DATA EXTRACT -
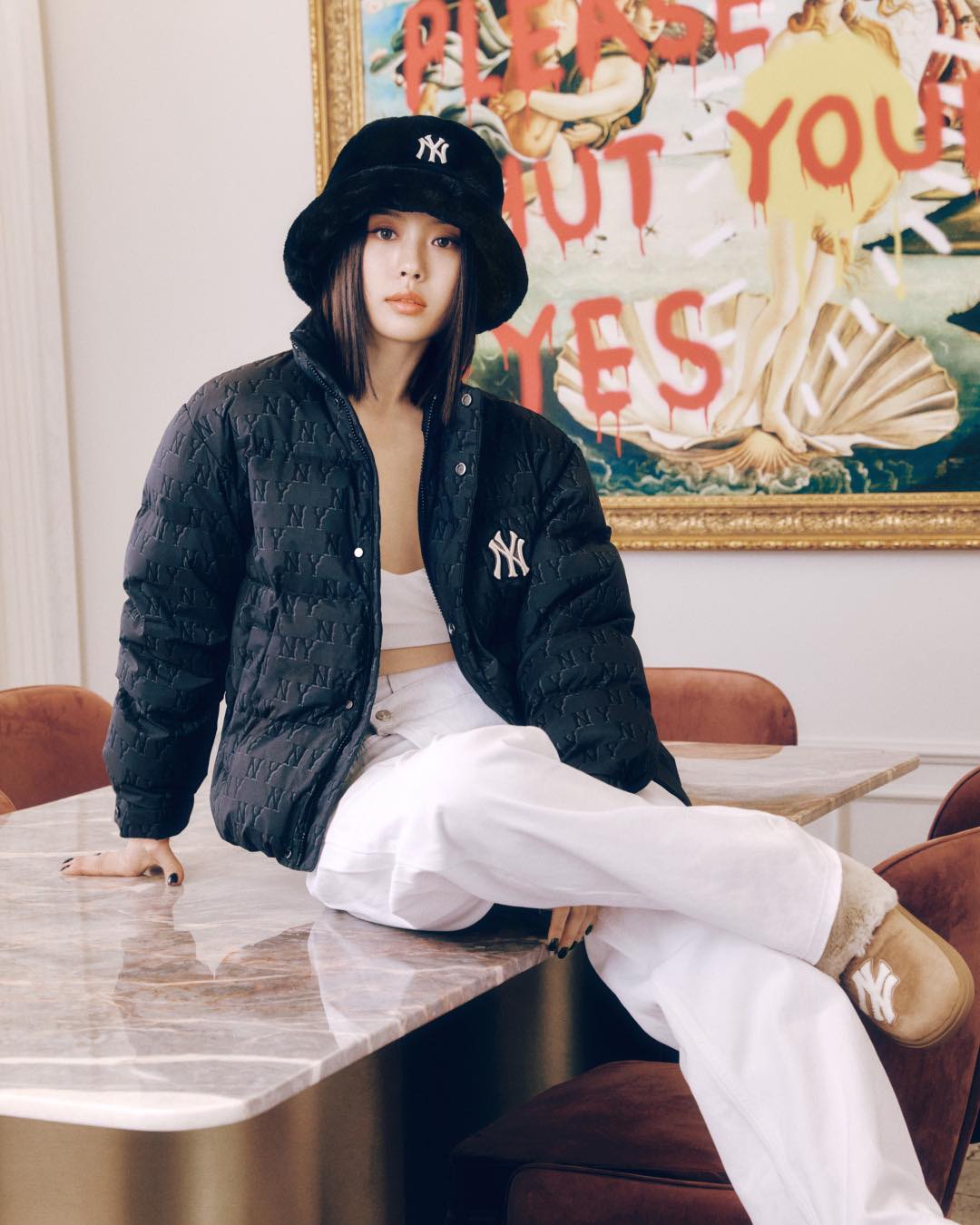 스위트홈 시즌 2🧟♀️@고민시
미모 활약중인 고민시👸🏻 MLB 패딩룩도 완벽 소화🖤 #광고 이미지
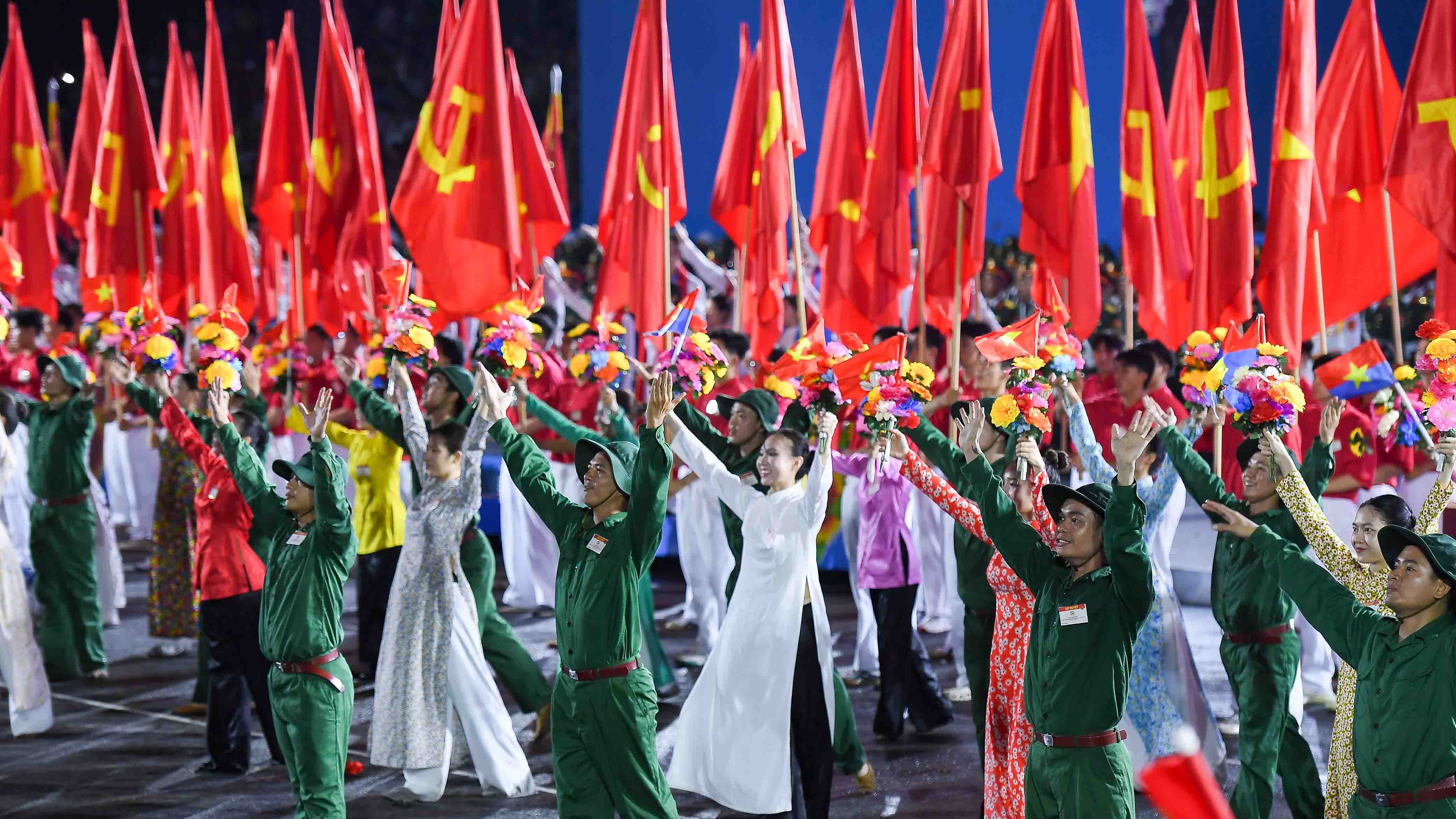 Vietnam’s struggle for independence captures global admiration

EXERCISE DETAILS -
Could the material above be given again exactly, pictures excluded?

RESPONSE -
 스위트홈 시즌 2🧟♀️@고민시
미모 활약중인 고민시👸🏻 MLB 패딩룩도 완벽 소화🖤 #광고 이미지
 Vietnam’s struggle for independence captures global admiration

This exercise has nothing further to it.